His 1999 release, Trail, contains covers of Dylan songs and a couple of originals.
Road Novel, from 1997, is a collection of 15 cinematic songs, the kind that feel like there's got to be a movie scene tucked inside each one. The album contains a "road" motif, but in Lafave's vision "the road" comes to stand as much for the road of the heart as it does for the road to and from the places in our lives.
Martin Fullington, writing in Music Reviews Quarterly, said, "Lafave has a voice that somehow combines innocence and pain so effectively that it allows Lafave to wring more emotion from a ballad than perhaps anyone ever has. When he rocks, he does so with complete abandon. When he chronicles love, it's with complete immersion. There is no pretense in him. His songwriting is as direct and honest as his voice, and he absolutely can inspire the same from his band."
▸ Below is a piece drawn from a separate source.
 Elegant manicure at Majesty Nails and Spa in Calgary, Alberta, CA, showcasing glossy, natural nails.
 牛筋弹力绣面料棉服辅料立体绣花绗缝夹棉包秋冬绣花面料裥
Buffalo Return to the Plains was released in 1995. Michael Corcoran, whom Austinites familiar with The Austin American Statesman know can be a harsh critic, said, "On Buffalo Return To The Plains, LaFave is on his way to where every kid who picks up a guitar and tries out his voice hopes to some day go. If this is to be LaFave's national breakthrough LP - and how can it not be? - the song that should get the job done is "Foolish Pride." LaFave wrings it out with that gloriously emotive voice.... The first time I heard "Never Be Mine," I played it over and over again, at least six times, wondering how a song so sad and gorgeous could come out of a man who tucks his jeans into his boots. "Never Be Mine" is a broken heart's best friend."
Describing his appearance at 2000 SXSW, singing the songs of Woody Guthrie, the Austin Chronicle wrote, "Perhaps even more powerful and distinctive than Lafave's writing, is his intimate, tender vocal delivery, which recalls Ray Charles in its soulful mixture of suffering and ecstasy. Esteemed rock critic Dave Marsh calls it 'one of America's greatest voices.'"
Most of Jimmy LaFave's albums are recorded on the Bohemia Beat label. However, Rounder has out a great compilation called Americana Road Warriors that contains a seven minute version of "Worn Out American Dream" plus songs by Slaid Cleaves, Ray Wylie Hubbard, and others.